**DATA FOR REVIEW:**
__________

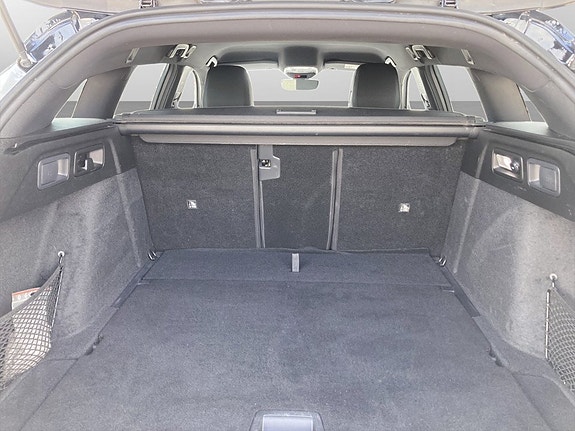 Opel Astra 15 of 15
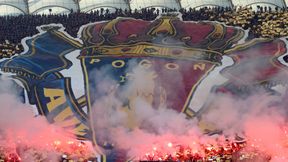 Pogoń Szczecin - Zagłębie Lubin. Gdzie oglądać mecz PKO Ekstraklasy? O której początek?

__________

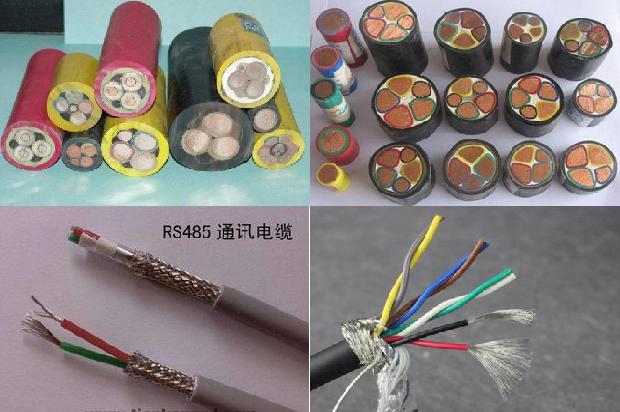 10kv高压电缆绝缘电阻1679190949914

__________

**TASK INSTRUCTIONS:** Using the entries above, write out exactly the lines from the one with "Opel Astra 15 of 15" through the one with "Pogoń Szczecin - Zagłębie", ends included. Leave out any pictures.

**TASK SOLUTION:**
 Opel Astra 15 of 15
 Pogoń Szczecin - Zagłębie Lubin. Gdzie oglądać mecz PKO Ekstraklasy? O której początek?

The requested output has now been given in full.